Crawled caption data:
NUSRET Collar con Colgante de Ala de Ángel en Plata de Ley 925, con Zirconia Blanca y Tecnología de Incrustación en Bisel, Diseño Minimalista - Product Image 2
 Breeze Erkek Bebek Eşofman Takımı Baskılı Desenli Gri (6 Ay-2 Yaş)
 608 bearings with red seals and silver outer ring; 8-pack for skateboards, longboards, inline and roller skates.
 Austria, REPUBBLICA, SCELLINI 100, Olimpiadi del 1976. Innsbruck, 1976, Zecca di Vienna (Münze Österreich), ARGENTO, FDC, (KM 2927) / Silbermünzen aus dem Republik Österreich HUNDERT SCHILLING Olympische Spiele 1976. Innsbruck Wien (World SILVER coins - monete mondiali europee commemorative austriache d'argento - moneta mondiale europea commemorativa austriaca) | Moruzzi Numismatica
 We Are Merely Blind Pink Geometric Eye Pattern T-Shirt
--
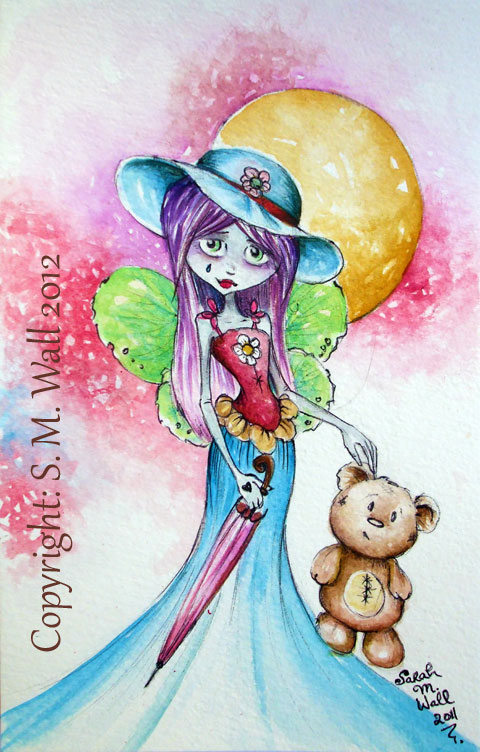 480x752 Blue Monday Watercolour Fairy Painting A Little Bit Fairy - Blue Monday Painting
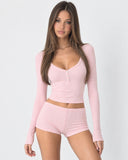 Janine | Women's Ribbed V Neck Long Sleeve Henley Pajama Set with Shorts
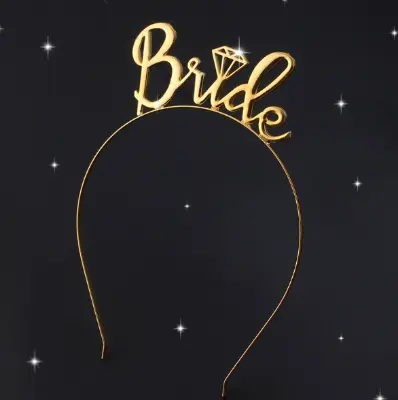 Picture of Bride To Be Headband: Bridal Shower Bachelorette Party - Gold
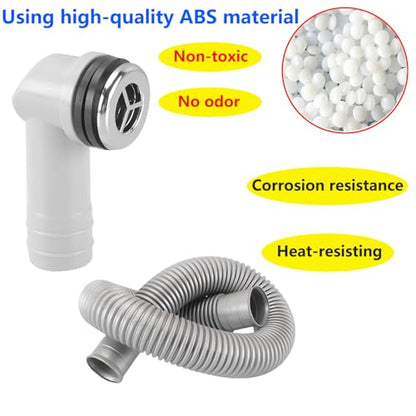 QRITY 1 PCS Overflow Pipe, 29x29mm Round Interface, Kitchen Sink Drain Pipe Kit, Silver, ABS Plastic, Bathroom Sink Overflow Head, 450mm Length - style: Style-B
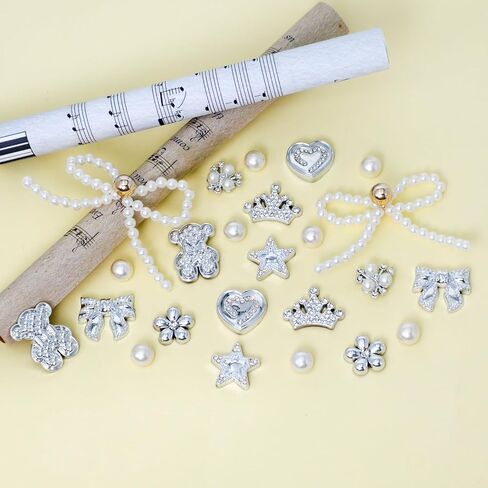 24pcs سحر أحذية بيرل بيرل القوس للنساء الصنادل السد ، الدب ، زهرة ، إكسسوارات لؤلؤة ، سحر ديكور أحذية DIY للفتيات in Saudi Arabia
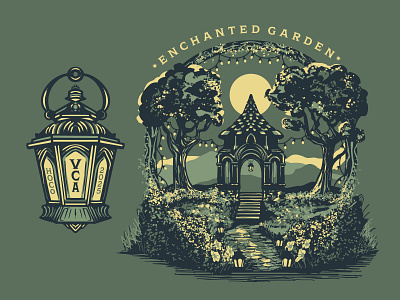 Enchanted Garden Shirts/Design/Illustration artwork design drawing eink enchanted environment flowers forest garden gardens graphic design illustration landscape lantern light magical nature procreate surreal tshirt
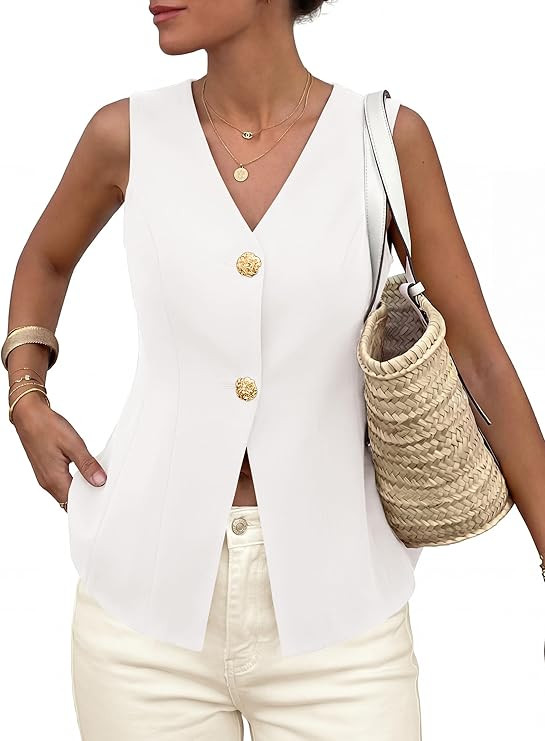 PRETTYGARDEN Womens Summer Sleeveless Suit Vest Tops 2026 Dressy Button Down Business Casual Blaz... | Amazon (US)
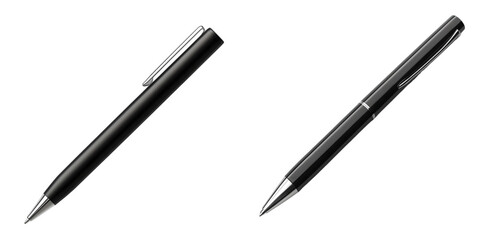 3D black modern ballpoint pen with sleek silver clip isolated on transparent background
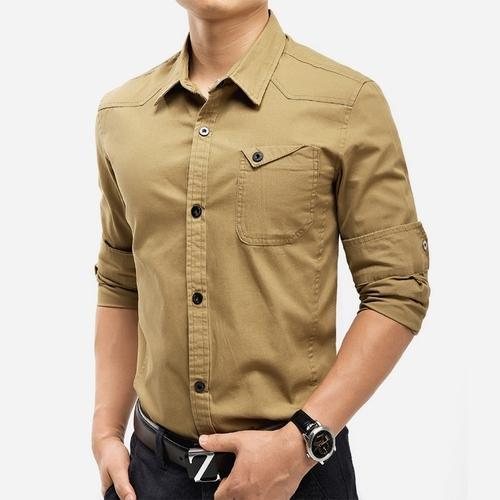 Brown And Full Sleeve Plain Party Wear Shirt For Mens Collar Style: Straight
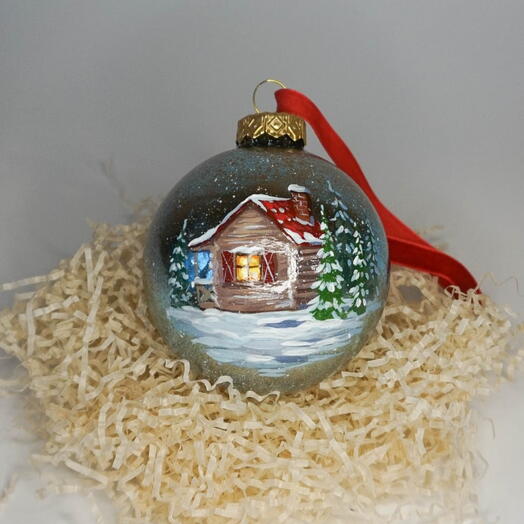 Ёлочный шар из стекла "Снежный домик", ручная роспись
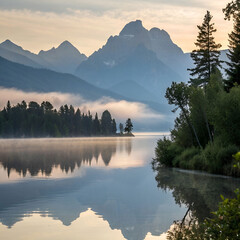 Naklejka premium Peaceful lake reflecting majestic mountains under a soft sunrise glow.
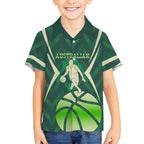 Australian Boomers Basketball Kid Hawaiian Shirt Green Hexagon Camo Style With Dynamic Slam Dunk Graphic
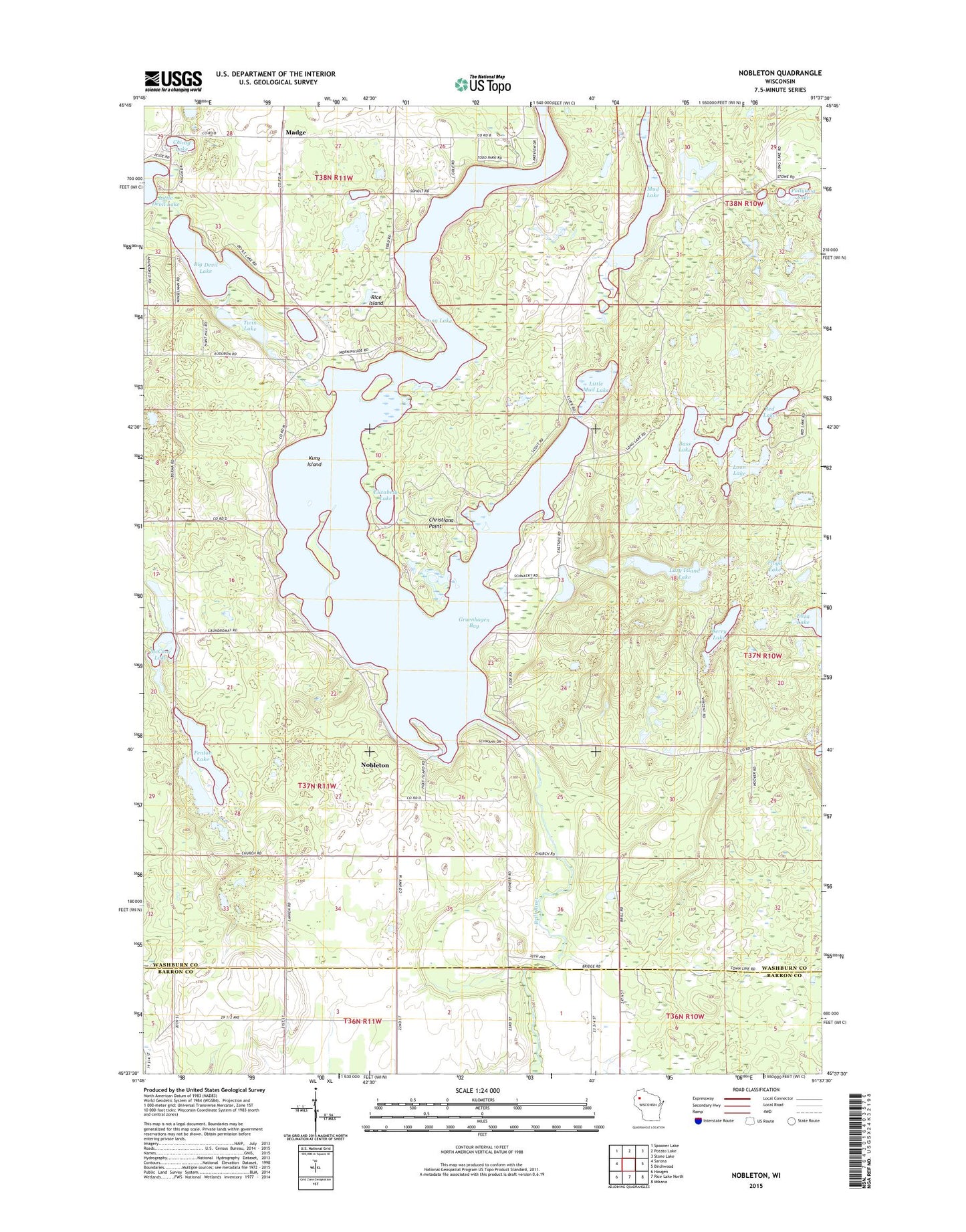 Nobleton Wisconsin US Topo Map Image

### PROBLEM STATEMENT
As the answer, set down only the lines from the data above between the one holding "NUSRET Collar con" and the one holding "608 bearings with", inclusive, exactly as they read.

### REPLY TO THE TASK
NUSRET Collar con Colgante de Ala de Ángel en Plata de Ley 925, con Zirconia Blanca y Tecnología de Incrustación en Bisel, Diseño Minimalista - Product Image 2
 Breeze Erkek Bebek Eşofman Takımı Baskılı Desenli Gri (6 Ay-2 Yaş)
 608 bearings with red seals and silver outer ring; 8-pack for skateboards, longboards, inline and roller skates.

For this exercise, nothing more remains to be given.